▶ _The task_
What is printed must match, line for line, the records from their first line through the line containing "Vネックボーダー柄ニットトップス | Ulysses | 詳細画像8", with pictures left out.

(Image-text web data)
═══

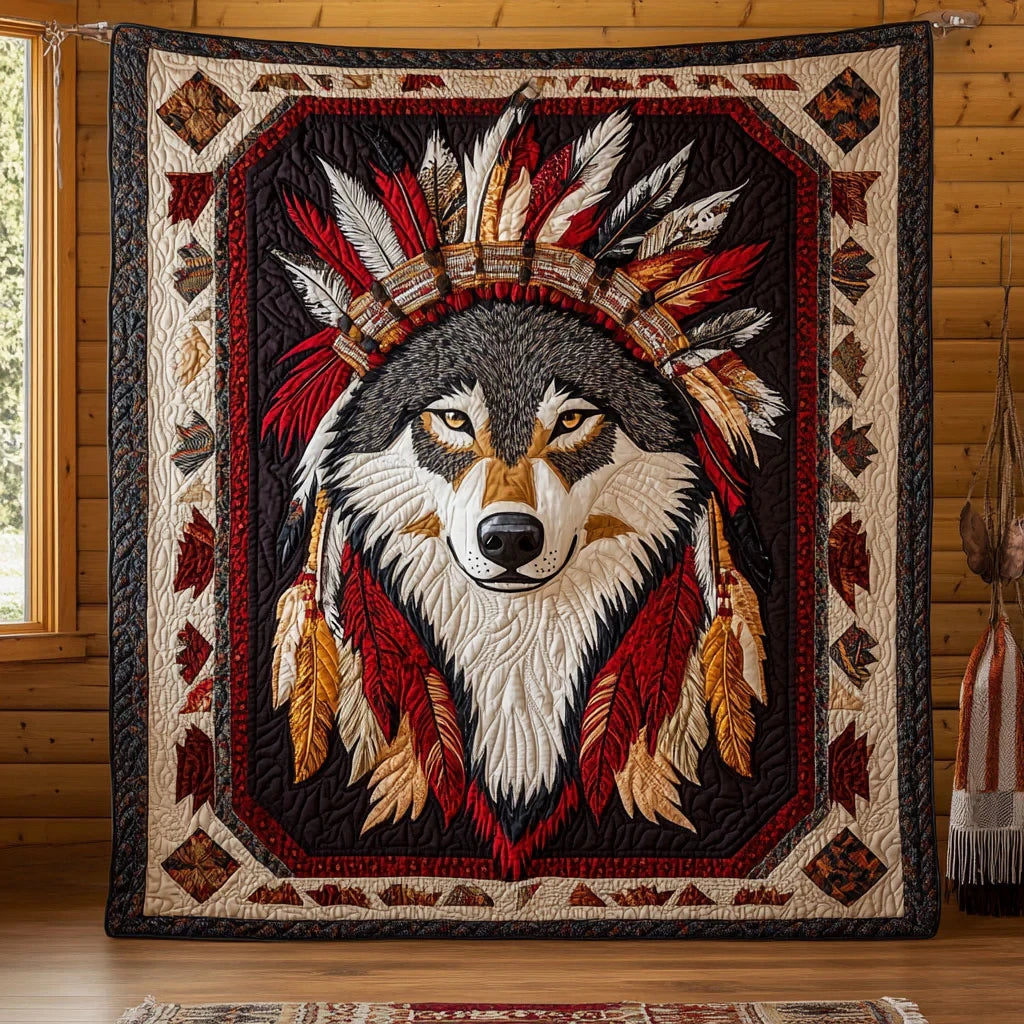 Spirit Wolf Quilt Blanket
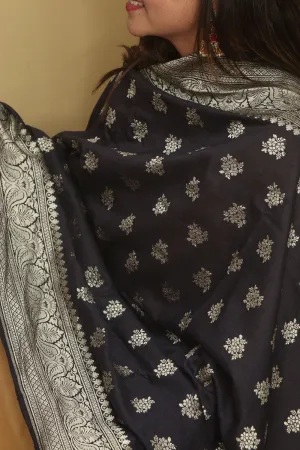 Exquisite Black Banarasi Handloom Pure Moonga Silk Dupatta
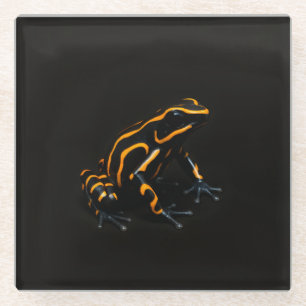 Juego de posavasos de vidrio negro 4 Luxe, Rana na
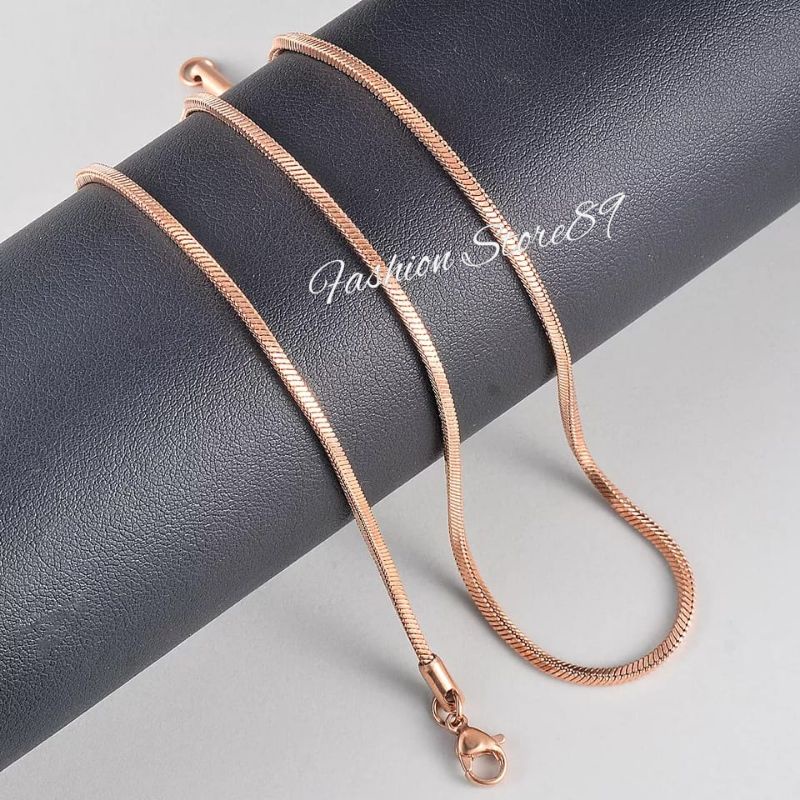 Kalung Rosegold Titanium Bulat Kotak Pipih Gepeng Fashion Wanita 45cm 50cm 60cm Antikarat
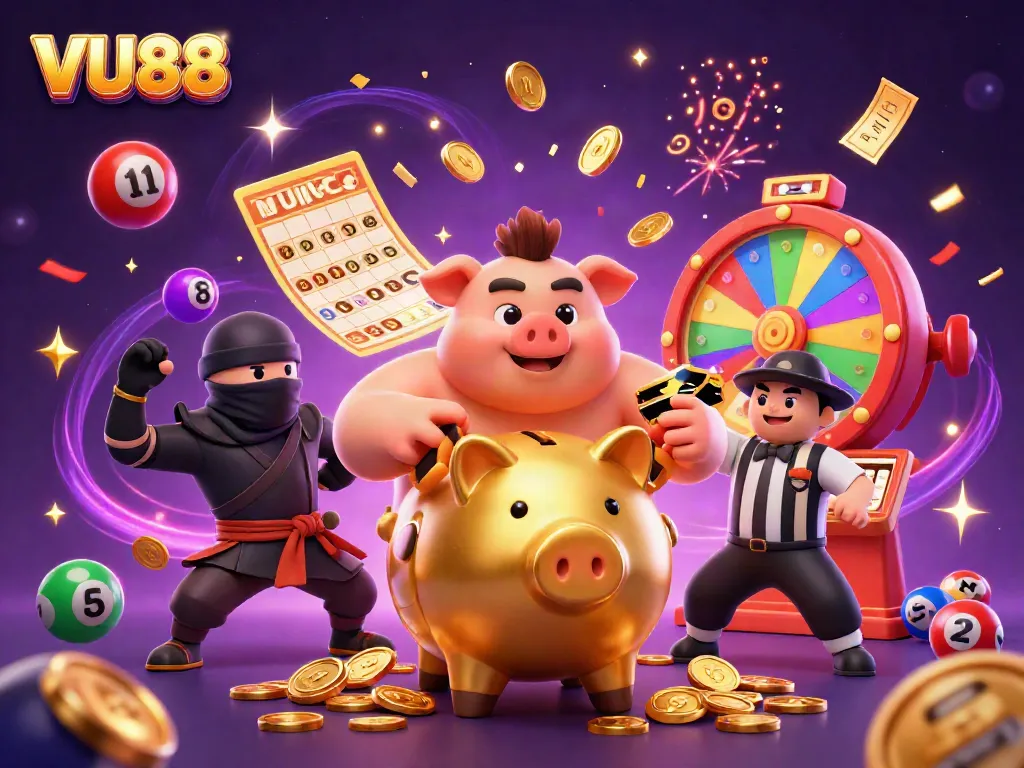 Experience excitement at VU88 with a colossal golden piggy bank sumo wrestler amidst a swirling casino extravaganza.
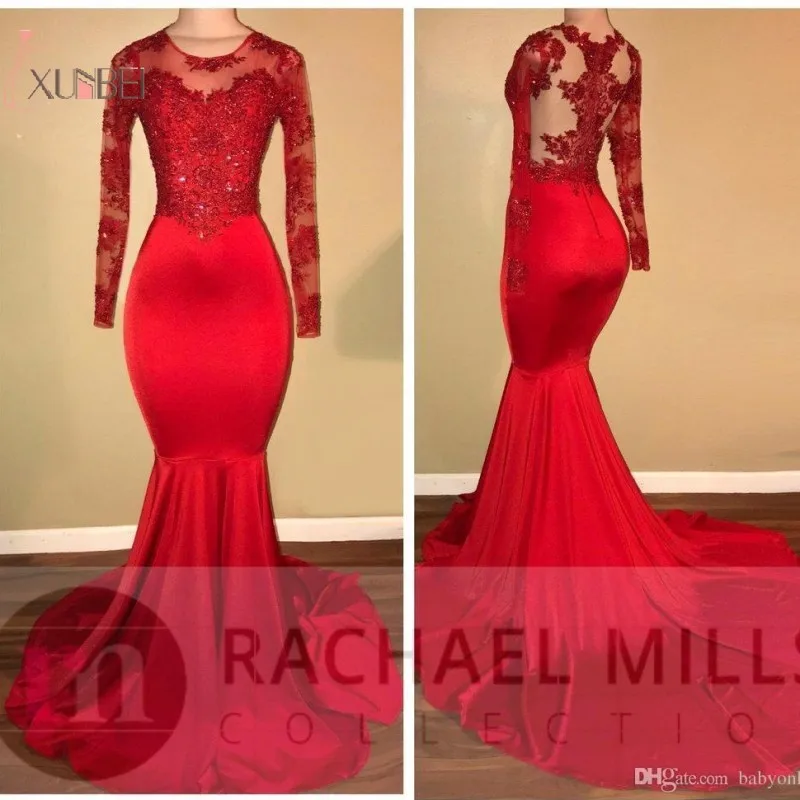 

2019 Customize Red Long Sleeve Mermaid Prom Dresses Lace Applique Beading Prom Gown vestidos de festa Free Fast Shipping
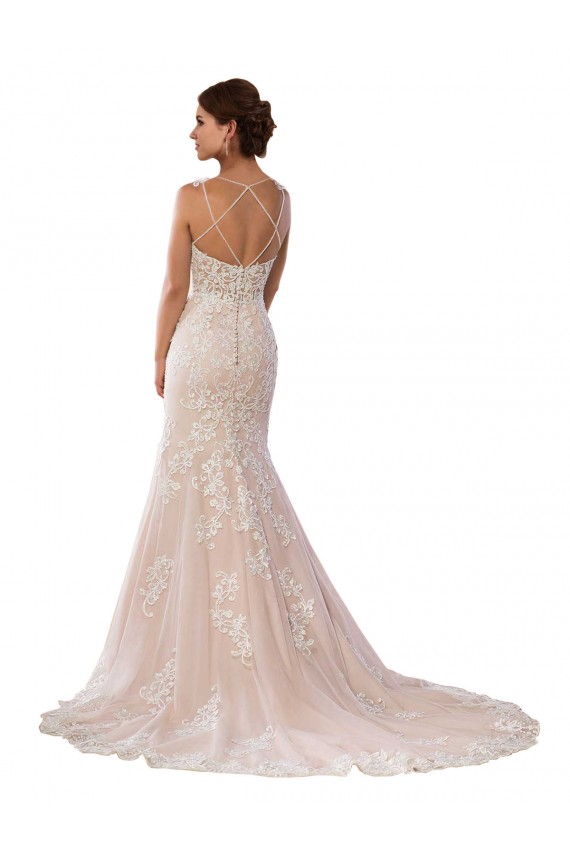 Elfenbein & Champagner Meerjungfrau Spaghetti-Träger Kapelle-schleppe Spitze Boho Brautkleider Websites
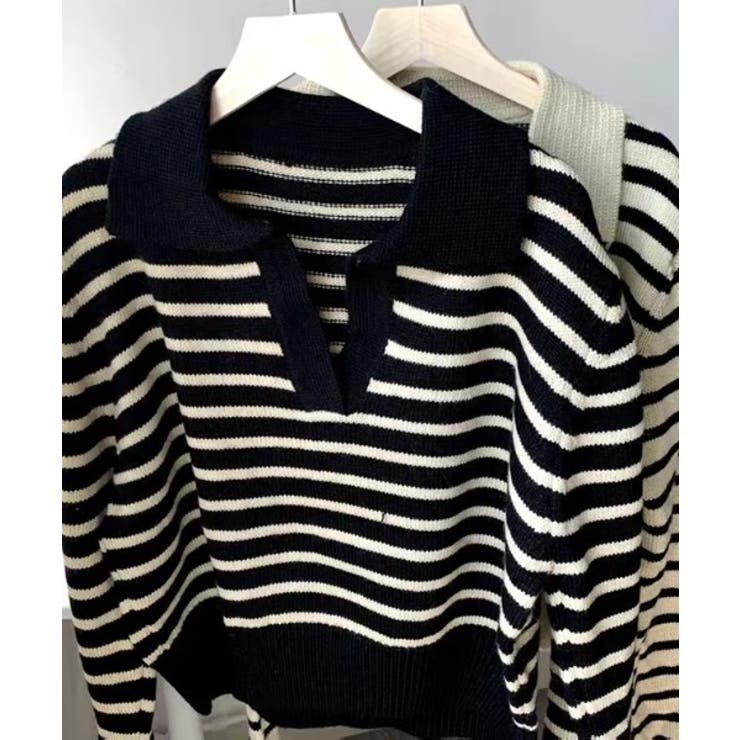 Vネックボーダー柄ニットトップス | Ulysses | 詳細画像8 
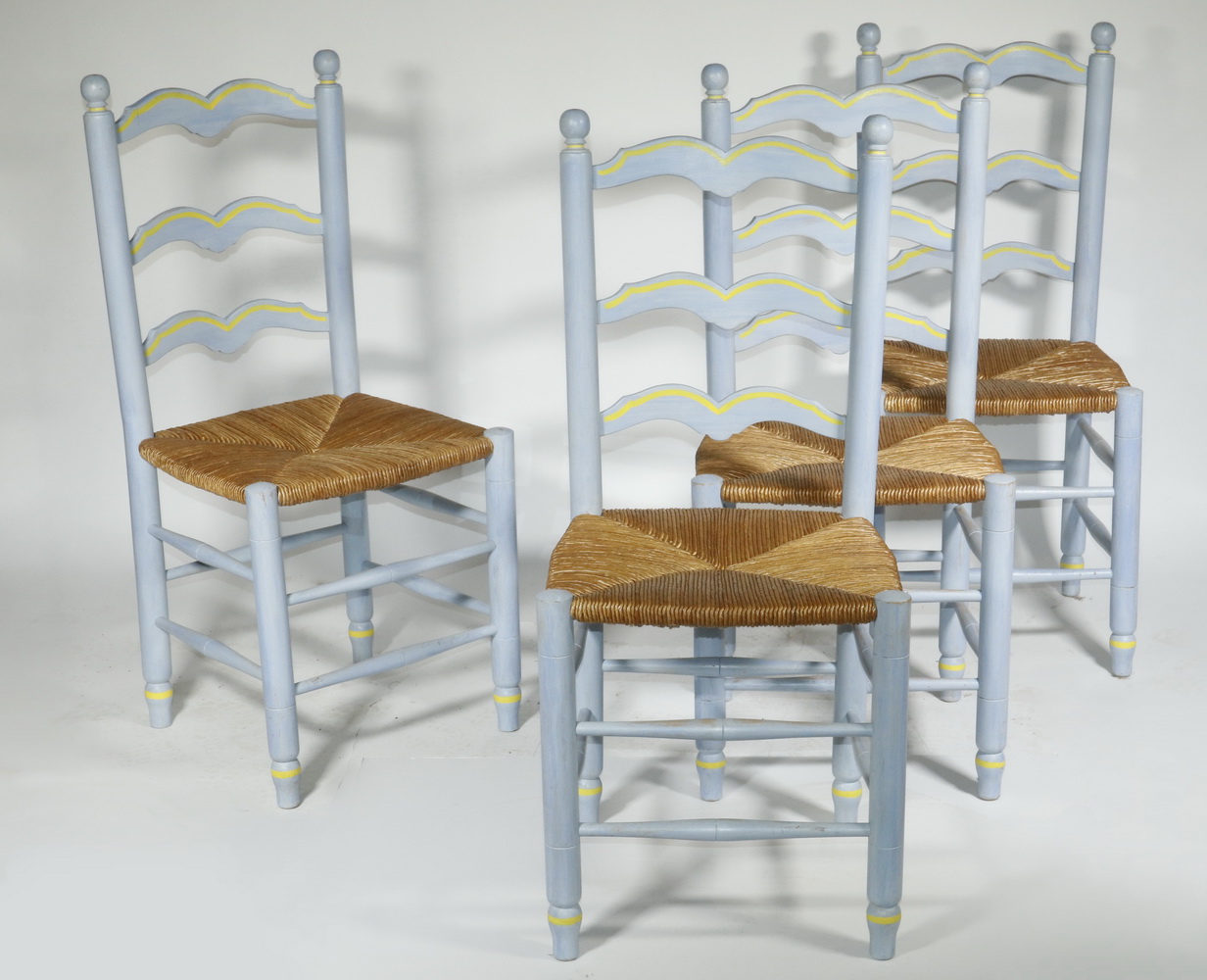 Appraisal: CONTEMPORARY COTTAGE STYLE CHAIRS Set of contemporary cottage style ladder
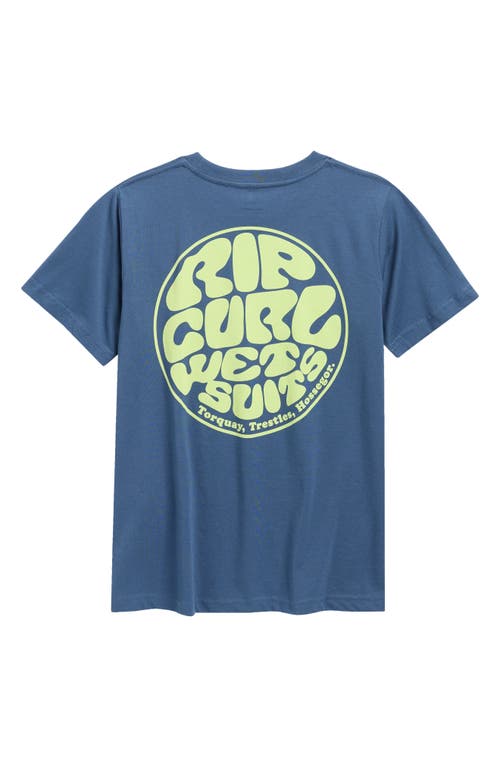 Rip Curl Kids' Wetsuit Icon Cotton Graphic T-shirt In Blue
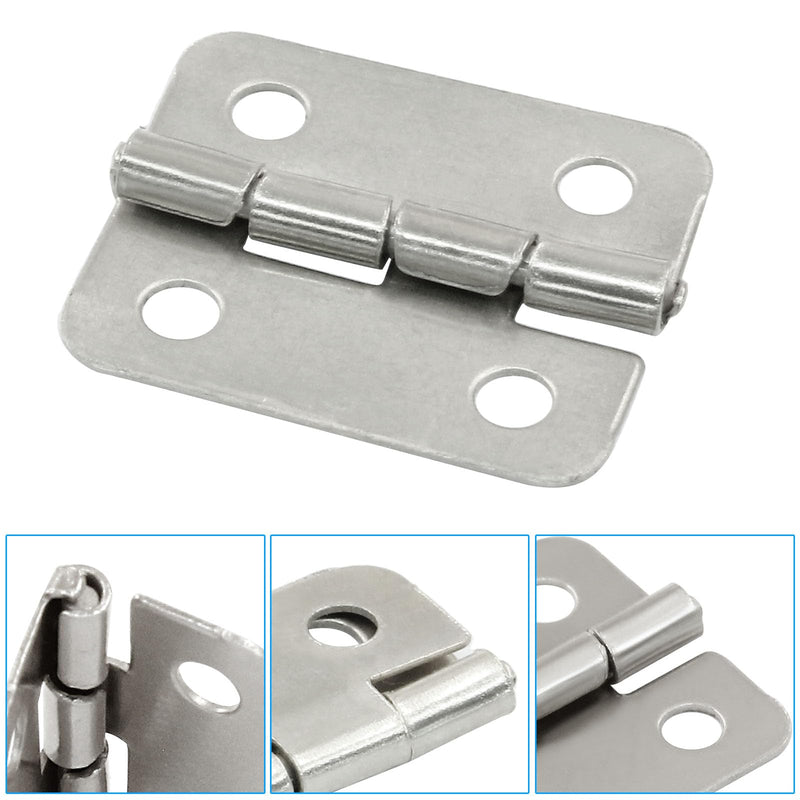0.63" x 0.7" Mini Hinges, Butt Hinge, Tiny Hinges for Mini Cabinet Jewelry Wooden Box, Doll House DIY Hinges with Mounting Screws (Silver) Silver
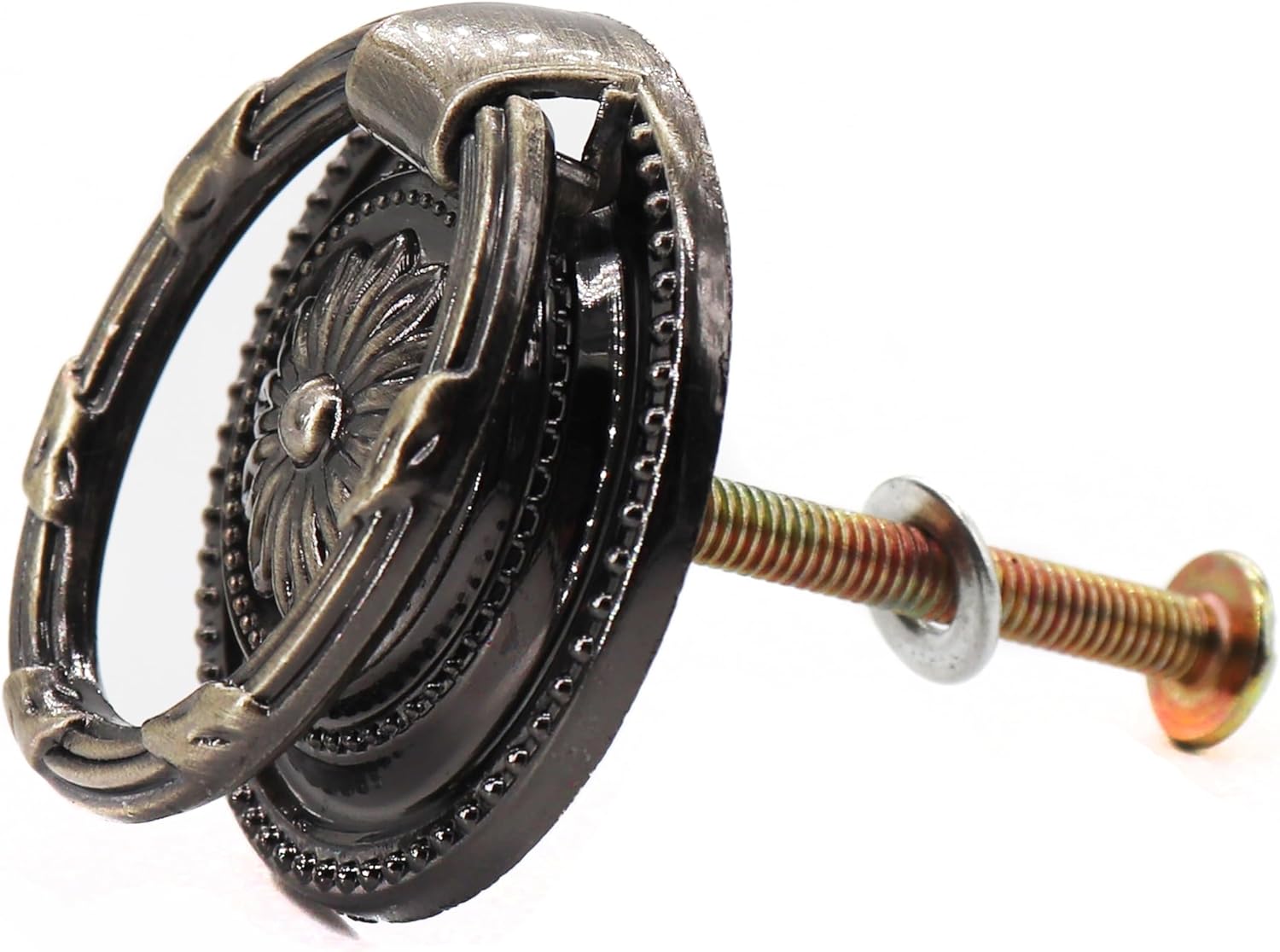 binifiMux 8 Pack Ring Drop Vintage Pulls for Cabinet Dresser Drawer Bookshelves Bronze Tone 37mm Diameter, European Style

═══

▶ _Response for this exercise_
 Spirit Wolf Quilt Blanket
 Exquisite Black Banarasi Handloom Pure Moonga Silk Dupatta
 Juego de posavasos de vidrio negro 4 Luxe, Rana na
 Kalung Rosegold Titanium Bulat Kotak Pipih Gepeng Fashion Wanita 45cm 50cm 60cm Antikarat
 Experience excitement at VU88 with a colossal golden piggy bank sumo wrestler amidst a swirling casino extravaganza.

2019 Customize Red Long Sleeve Mermaid Prom Dresses Lace Applique Beading Prom Gown vestidos de festa Free Fast Shipping
 Elfenbein & Champagner Meerjungfrau Spaghetti-Träger Kapelle-schleppe Spitze Boho Brautkleider Websites
 Vネックボーダー柄ニットトップス | Ulysses | 詳細画像8 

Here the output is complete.